[Data Boundary: Start]
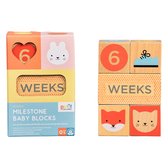 Wooden Milestone Baby Blocks
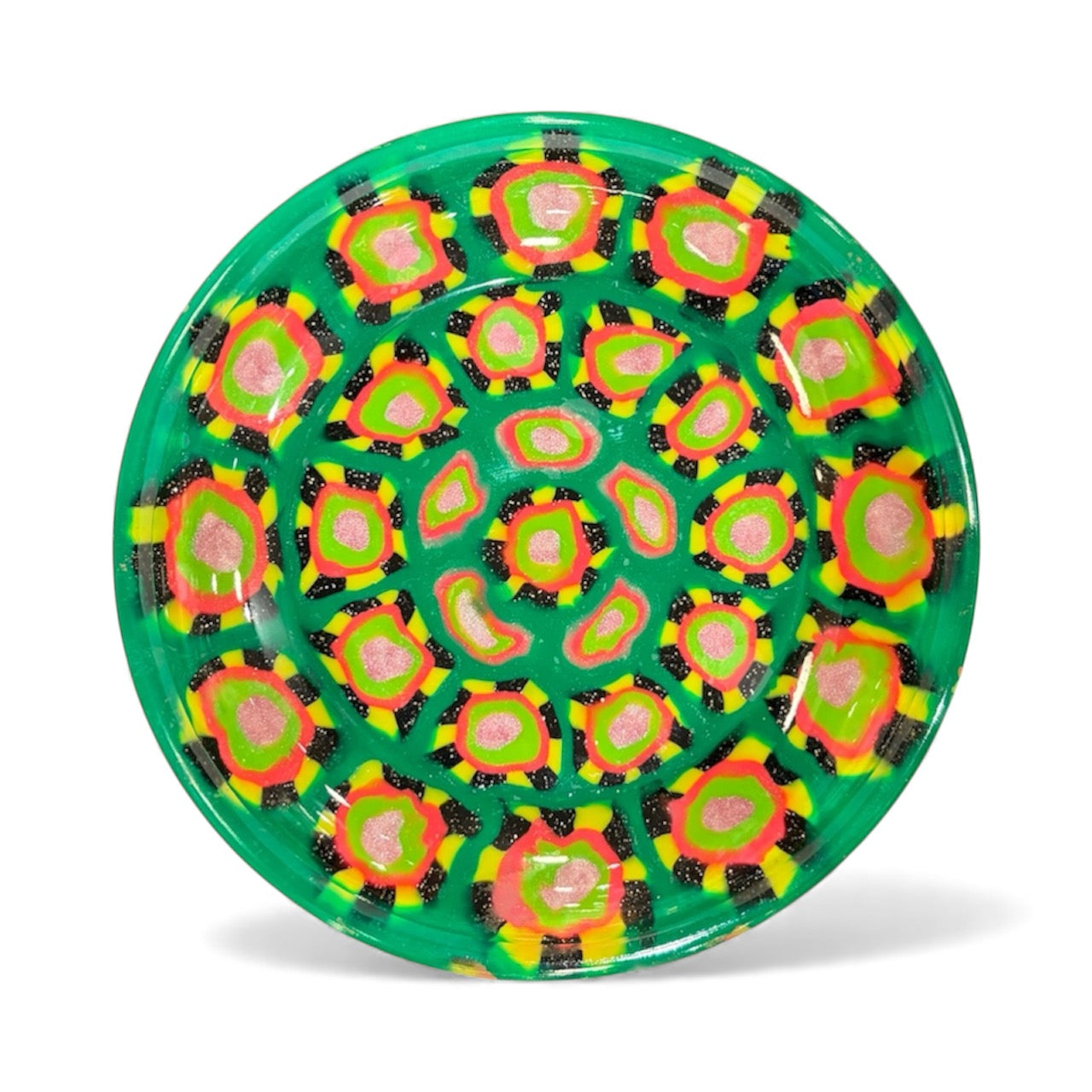 Tiny Glass Trinket Dish by Barbara Levy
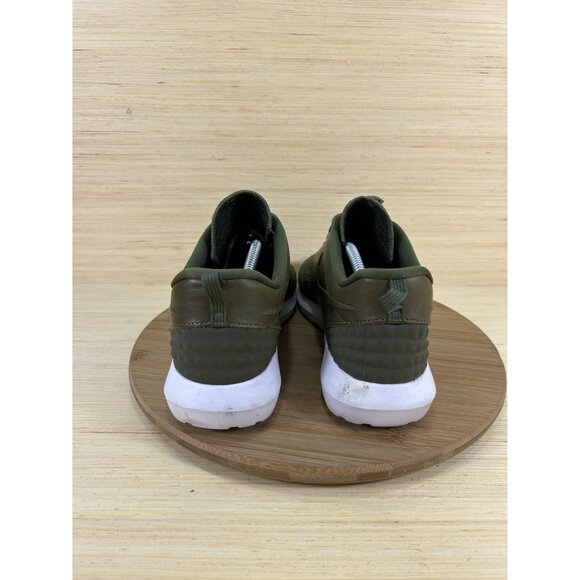 Nike Roshe NM Flyknit Premium Rough Green Athletic Shoes Mens Size 11.5 - Picture 4 of 8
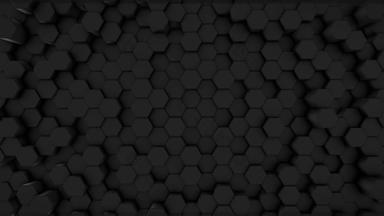 黑色的未来主义的棱镜六边形蜜蜂库姆斯运动简约背景概念设计技术动画网格前视图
[Data Boundary: End]
### What you need to do:
No picture should be included when the data are set down again exactly.

### Task answer:
 Wooden Milestone Baby Blocks
 Tiny Glass Trinket Dish by Barbara Levy
 Nike Roshe NM Flyknit Premium Rough Green Athletic Shoes Mens Size 11.5 - Picture 4 of 8
 黑色的未来主义的棱镜六边形蜜蜂库姆斯运动简约背景概念设计技术动画网格前视图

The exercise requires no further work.